22.4.1746. Gli spagnoli si arrendono. Parma è austriaca
22 aprile 1746 – Gli Spagnoli si arrendono agli Austriaci e cedono Parma. La città è cinta d’assedio fin dai primi del mese, difesa in ogni modo dal marchese del Castellar, che per rinforzare le mura ha fatto sequestrare perfino le botti e i tini che stavano nelle cantine della gente a far invecchiare il vino. Troppo poco per resistere ai cannoni di Vienna.

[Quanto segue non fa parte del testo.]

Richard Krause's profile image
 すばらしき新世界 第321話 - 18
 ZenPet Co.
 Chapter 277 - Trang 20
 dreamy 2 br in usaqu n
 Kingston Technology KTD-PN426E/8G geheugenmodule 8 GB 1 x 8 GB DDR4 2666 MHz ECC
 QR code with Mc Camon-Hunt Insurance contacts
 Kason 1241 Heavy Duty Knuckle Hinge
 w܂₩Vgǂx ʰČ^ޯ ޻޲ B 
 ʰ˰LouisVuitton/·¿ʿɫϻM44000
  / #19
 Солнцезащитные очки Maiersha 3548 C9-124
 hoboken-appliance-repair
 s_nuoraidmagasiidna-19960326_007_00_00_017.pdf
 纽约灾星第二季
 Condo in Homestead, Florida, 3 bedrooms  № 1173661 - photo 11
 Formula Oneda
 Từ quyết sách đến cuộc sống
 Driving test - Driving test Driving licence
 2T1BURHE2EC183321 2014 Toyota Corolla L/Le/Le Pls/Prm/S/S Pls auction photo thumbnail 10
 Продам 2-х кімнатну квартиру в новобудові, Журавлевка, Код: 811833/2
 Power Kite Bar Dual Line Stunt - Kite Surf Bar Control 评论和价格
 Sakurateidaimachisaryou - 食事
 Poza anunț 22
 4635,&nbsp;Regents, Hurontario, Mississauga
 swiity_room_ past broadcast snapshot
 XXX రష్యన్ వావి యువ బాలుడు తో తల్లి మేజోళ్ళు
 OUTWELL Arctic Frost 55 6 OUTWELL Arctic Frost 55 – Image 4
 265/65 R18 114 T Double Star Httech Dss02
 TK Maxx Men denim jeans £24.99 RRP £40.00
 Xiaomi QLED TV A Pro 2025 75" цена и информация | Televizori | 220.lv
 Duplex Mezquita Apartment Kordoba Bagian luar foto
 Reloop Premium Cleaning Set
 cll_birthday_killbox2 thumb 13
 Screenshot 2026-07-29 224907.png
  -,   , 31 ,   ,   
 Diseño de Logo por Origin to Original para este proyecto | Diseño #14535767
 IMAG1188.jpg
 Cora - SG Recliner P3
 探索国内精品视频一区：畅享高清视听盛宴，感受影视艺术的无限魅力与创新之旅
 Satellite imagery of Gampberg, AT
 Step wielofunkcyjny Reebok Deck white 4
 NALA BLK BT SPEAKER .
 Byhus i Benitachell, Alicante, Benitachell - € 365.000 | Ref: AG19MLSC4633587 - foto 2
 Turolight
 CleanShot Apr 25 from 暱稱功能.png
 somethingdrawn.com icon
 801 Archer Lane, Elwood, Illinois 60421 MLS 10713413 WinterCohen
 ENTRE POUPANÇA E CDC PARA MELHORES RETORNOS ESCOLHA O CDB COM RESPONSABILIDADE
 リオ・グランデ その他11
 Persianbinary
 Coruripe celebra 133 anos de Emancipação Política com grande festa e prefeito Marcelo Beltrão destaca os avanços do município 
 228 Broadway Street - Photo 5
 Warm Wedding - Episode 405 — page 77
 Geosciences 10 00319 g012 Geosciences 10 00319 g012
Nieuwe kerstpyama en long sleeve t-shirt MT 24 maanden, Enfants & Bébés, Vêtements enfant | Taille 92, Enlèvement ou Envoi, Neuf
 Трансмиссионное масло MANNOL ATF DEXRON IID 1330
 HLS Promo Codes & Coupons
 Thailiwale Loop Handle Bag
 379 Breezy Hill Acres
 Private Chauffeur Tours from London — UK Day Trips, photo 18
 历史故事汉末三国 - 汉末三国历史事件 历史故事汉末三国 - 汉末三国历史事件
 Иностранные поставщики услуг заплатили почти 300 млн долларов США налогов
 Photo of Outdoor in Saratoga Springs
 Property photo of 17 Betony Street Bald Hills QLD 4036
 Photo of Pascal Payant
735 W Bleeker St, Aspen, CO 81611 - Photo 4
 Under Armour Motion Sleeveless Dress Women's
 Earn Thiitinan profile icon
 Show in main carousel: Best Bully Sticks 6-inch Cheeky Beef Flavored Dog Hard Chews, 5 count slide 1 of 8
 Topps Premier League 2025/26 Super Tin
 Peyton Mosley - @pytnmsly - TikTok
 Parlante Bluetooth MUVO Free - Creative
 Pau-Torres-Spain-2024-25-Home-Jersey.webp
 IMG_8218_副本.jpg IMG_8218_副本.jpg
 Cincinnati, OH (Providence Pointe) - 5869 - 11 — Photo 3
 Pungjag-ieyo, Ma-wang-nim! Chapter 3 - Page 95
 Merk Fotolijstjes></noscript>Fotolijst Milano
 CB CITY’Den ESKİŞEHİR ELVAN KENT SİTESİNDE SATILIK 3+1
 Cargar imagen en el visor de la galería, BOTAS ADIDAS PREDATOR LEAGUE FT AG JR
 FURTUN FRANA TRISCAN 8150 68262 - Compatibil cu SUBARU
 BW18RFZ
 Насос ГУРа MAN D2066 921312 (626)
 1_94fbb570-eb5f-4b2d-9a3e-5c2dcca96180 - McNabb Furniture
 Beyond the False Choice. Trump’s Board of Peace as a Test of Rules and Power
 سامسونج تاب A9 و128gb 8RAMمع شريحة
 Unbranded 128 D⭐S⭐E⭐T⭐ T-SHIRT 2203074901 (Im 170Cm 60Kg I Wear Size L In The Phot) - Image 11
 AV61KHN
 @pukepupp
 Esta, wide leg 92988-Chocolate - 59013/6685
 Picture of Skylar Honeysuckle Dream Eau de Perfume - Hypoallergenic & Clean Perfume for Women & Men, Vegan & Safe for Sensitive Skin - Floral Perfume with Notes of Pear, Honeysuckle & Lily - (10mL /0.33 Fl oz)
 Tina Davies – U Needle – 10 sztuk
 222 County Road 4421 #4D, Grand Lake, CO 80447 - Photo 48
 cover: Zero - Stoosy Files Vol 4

È da un anno che in pianura Padana corrono gli eserciti. Da una parte ci sono Francesi e Spagnoli; dall’altra gli Austriaci con i Piemontesi, supportati anche dall’Inghilterra. Come sempre in questi casi, il primo problema è il cibo, perché i soldati razziano e ostacolano il lavoro nei campi. Manca anche la legna da ardere, tanto che da metà aprile i fornai non sanno più come cuocere il pane. Il giorno 15, gli assedianti deviano il corso del torrente Parma per lasciare i parmigiani pure senza acqua.
Antonio Sgavetti, un barbiere che tiene un diario quotidiano di questi eventi, il 22 scrive: “Oggi più d’ognaltro giorno si sente Cannonate, sì dal Castello che da Baloardi, cosa anche questa che inquieta il Popolo: le aque non corrono […]. Si vive, ma con scarcezza e penuria di tutto Cosa, non più veduta [da] secoli più di 3 alla simile” (da 300 anni non si vede una simile scarsezza di cibo).
Il marchese del Castellar spera che arrivino presto rinforzi da nord, ma la piena del Taro blocca le forze Francesi inviate ad aiutare Parma. Non resta che capitolare. Il marchese fugge il 19 e la mattina dopo Parma è consegnata agli Austriaci. Un manipolo di soldati borbonici ancora resiste, asserragliato nella Cittadella:
“Alle ore 4 e meza, improvvisamente si cominciò ad’udire non so che tiri dalla Fortezza; ma dalle 5 alle 8 e meza fu un fuoco il più infernale che possa udirsi al mondo, fuoco di spingarde e Moschetti, e si volle vi fosse delle Granate; fu una cosa che tutta la città fu sorpresa. Alle 10 Cominciò il Cannone a simil fuoco del antedetto, ma con Granate Reali, cosa che parea un Tuono Continuo d’Inferno, l’Altissimo si aiuti e Maria Santissima e Nostri Santi protettori, altrimenti siamo ad’un mal termine”, scrive sempre Sgavetti.
Ma pian piano, anche la gran parte dei soldati della Cittadella cede, alcuni disertando e gli altri alzando bandiera bianca nella notte fra 22 e 23.
La guerra è finita? Ancora no. Continua altrove, per un altro anno e mezzo, a Piacenza, in Veneto, in Provenza. Parma non sente più il rombo dei cannoni, ma paga comunque. Paga 200 carri con relativi buoi come risarcimento di guerra per non essersi arresa. Paga con l’arresto o l’esilio di tutti i sostenitori degli spagnoli o che semplicemente avevano pubblicamente apprezzato il loro effimero ritorno. Paga il mantenimento di numerose truppe acquartierate nel Ducato, ben sette reggimenti nel 1747. Paga con tasse aumentate in misura sensibilissima. Paga con un’epidemia fra il bestiame che svuota molte stalle.
Molte volte nei secoli la guerra ha visitato Parma e questa è una di quelle. Guerra inutile, perché alla fine, firmata la pace, gli austriaci restituiscono Parma al duca Filippo di Borbone che vi entra senza sparare un colpo.